We extend ViDT into ViDT+, supporting a joint-learning of object detection and instance segmentation in an end-to-end manner. Three new components have been leveraged for extensions: (1) An efficient pyramid feature fusion (EPFF) module, (2) An unified query representation module, and (3) two auxiliary losses of IoU-aware and token labeling. Compared with the vanilla ViDT, ViDT+ provides a significant performance improvement without comprising inference speed. Only 1M parameters are added into the model.

Evaluation

Index: [A. ViT Backbone], [B. Main Results], [C. Complete Analysis]

|--- A. ViT Backbone used for ViDT
|--- B. Main Results in the ViDT+ Paper
     |--- B.1. VIDT+ compared with the vanilla ViDT for Object Detection
     |--- B.2. VIDT+ compared with other CNN-based methods for Object Detection and Instance Segmentation
|--- C. Complete Component Analysis

Backbone and Size Training Data Epochs Resulution Params ImageNet Acc. Checkpoint
Swin-nano ImageNet-1K 300 224 6M 74.9% Github
Swin-tiny ImageNet-1K 300 224 28M 81.2% Github
Swin-small ImageNet-1K 300 224 50M 83.2% Github
Swin-base ImageNet-22K 90 224 88M 86.3% Github

All the models were re-trained with the final version of source codes. Thus, the value may be very slightly different from those in the paper.
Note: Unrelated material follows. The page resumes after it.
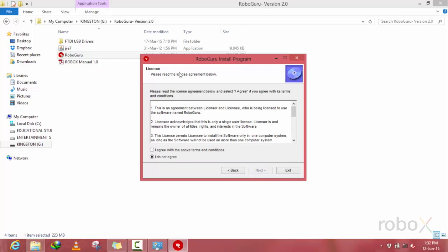After reading the license terms, click OK, I agree with the above terms and conditions, and then go to next.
Note that a single 'NVIDIA A100 GPU' was used to compute FPS for the input of batch size 1.
Compared with the vailla version, ViDT+ leverages three additional components or techniques:
(1) An efficient pyramid feature fusion (EPFF) module.
(2) An unified query representation moudle (UQR).
(3) Two additional losses of IoU-aware loss and token-labeling loss.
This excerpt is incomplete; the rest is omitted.